To do
When you reach the line containing "So what you're" in the data below, begin returning lines exactly as written, and stop once the line containing "Then, splitting the" has been returned.

Collected data entries
::::::::::
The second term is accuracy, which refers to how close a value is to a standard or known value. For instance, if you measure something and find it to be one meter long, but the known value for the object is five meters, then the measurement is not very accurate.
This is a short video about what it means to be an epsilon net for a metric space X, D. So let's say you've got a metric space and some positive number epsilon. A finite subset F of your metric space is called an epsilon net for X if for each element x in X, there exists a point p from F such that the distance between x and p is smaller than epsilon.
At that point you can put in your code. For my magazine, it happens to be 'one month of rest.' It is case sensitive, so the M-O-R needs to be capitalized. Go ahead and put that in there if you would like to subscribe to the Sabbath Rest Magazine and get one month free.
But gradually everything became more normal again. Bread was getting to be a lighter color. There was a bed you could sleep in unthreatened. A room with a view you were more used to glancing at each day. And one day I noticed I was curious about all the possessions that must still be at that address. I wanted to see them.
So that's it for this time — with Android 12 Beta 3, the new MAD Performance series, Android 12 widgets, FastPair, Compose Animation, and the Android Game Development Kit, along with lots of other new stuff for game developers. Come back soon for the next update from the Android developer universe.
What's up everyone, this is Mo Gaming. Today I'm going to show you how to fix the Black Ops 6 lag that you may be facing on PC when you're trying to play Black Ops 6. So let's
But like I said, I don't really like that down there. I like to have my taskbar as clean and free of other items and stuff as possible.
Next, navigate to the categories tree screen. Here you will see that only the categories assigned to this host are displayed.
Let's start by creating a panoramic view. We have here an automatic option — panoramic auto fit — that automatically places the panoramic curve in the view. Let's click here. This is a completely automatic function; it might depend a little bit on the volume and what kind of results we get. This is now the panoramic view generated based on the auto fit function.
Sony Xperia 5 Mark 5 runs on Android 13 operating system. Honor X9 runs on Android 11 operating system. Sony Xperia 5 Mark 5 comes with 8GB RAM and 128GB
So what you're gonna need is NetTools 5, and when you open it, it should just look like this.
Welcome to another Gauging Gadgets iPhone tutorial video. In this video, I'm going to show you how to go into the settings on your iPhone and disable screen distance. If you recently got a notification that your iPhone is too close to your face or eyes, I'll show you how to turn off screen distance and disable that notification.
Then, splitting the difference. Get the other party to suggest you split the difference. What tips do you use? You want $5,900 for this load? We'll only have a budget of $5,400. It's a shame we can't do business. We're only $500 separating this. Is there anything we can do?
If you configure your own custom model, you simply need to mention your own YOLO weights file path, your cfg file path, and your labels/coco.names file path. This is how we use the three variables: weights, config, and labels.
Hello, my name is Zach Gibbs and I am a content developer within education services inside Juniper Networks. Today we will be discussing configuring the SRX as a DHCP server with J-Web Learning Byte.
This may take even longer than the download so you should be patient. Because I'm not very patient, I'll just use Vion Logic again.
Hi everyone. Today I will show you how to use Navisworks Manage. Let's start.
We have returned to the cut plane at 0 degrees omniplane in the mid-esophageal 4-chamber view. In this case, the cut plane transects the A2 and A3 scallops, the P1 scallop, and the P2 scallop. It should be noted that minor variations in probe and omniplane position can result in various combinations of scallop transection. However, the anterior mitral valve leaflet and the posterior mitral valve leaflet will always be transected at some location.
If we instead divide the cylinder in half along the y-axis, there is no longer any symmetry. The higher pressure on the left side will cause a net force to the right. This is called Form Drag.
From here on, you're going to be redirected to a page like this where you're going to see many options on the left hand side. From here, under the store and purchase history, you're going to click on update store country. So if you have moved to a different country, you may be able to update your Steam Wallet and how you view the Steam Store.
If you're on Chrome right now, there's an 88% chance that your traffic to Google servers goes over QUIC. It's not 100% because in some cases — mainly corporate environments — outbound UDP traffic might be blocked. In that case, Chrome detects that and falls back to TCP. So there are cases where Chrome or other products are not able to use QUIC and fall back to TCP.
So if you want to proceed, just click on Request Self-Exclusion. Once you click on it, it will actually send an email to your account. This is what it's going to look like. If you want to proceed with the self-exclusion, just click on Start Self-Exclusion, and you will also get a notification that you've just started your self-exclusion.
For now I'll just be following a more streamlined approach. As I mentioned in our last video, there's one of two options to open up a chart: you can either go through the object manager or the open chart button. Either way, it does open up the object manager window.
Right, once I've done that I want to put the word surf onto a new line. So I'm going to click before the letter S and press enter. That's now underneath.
::::::::::
Output of the task
So what you're gonna need is NetTools 5, and when you open it, it should just look like this.
Welcome to another Gauging Gadgets iPhone tutorial video. In this video, I'm going to show you how to go into the settings on your iPhone and disable screen distance. If you recently got a notification that your iPhone is too close to your face or eyes, I'll show you how to turn off screen distance and disable that notification.
Then, splitting the difference. Get the other party to suggest you split the difference. What tips do you use? You want $5,900 for this load? We'll only have a budget of $5,400. It's a shame we can't do business. We're only $500 separating this. Is there anything we can do?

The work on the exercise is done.